• _Task_:
Extract only the lines running from the top of the entries to the line that holds "EDEKA - bayerisches". Include that line and omit the pictures.

§ §

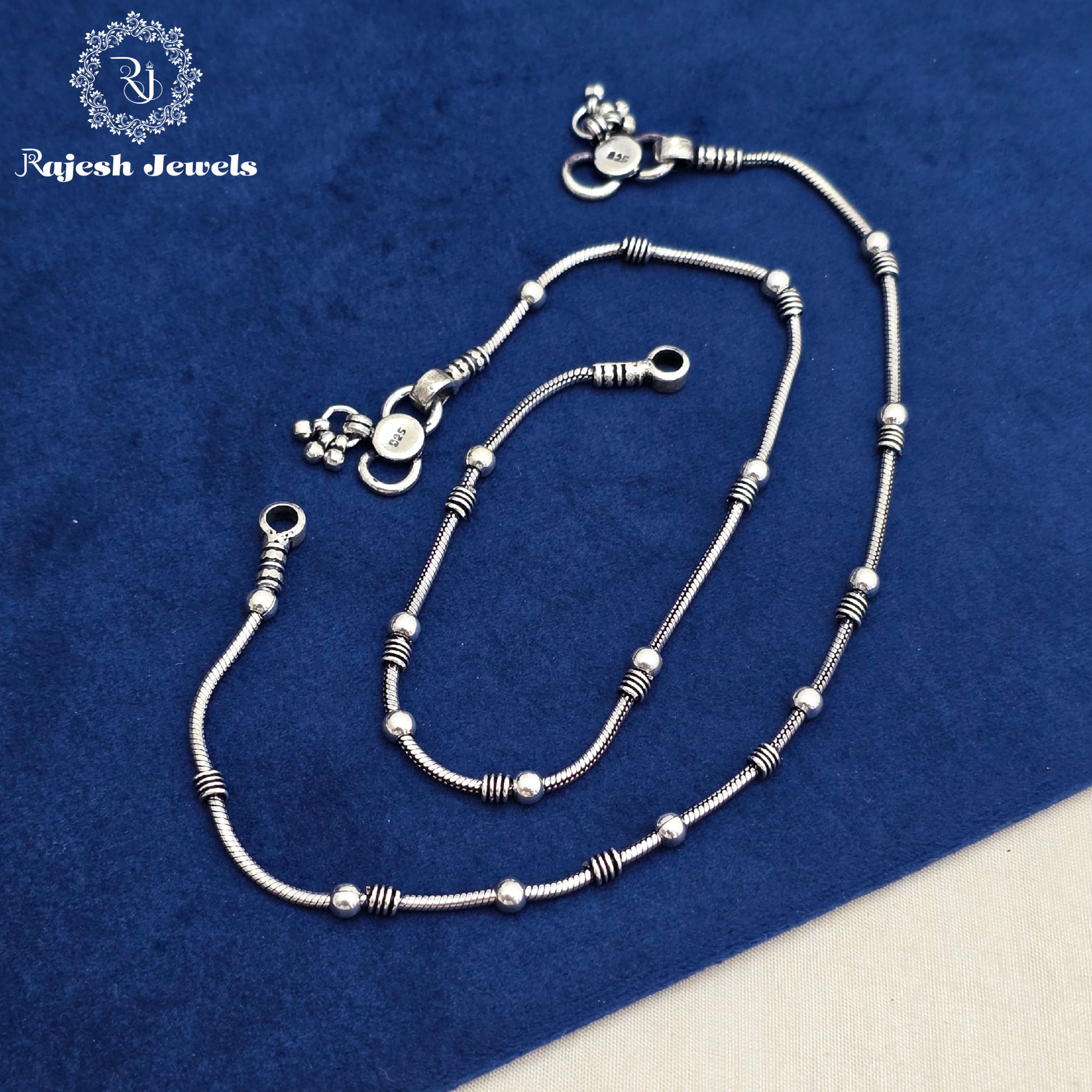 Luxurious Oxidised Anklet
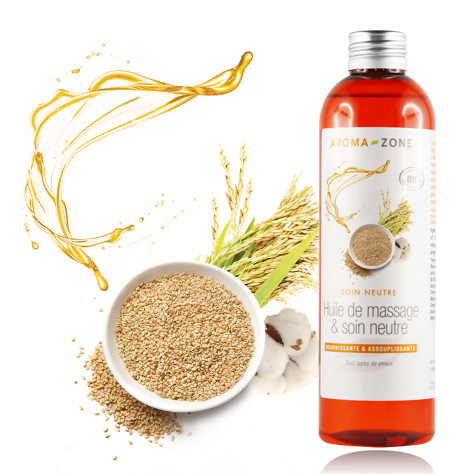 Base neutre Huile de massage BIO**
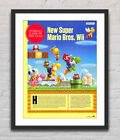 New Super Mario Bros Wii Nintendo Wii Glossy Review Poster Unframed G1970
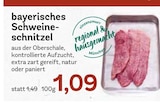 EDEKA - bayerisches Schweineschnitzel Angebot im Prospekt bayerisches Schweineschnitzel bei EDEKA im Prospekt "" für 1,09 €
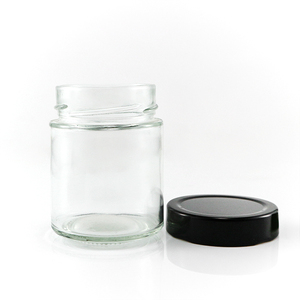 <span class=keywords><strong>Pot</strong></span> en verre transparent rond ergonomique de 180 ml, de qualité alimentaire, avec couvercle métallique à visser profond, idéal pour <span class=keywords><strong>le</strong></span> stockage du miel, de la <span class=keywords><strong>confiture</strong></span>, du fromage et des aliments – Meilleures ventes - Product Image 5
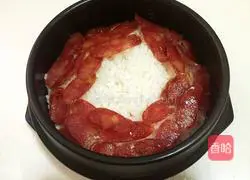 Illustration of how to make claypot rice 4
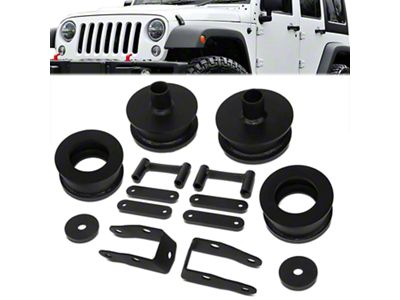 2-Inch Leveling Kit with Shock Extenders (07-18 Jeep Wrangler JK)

§ §

• _Response area_:
 Luxurious Oxidised Anklet
 Base neutre Huile de massage BIO**
 New Super Mario Bros Wii Nintendo Wii Glossy Review Poster Unframed G1970
 EDEKA - bayerisches Schweineschnitzel Angebot im Prospekt bayerisches Schweineschnitzel bei EDEKA im Prospekt "" für 1,09 €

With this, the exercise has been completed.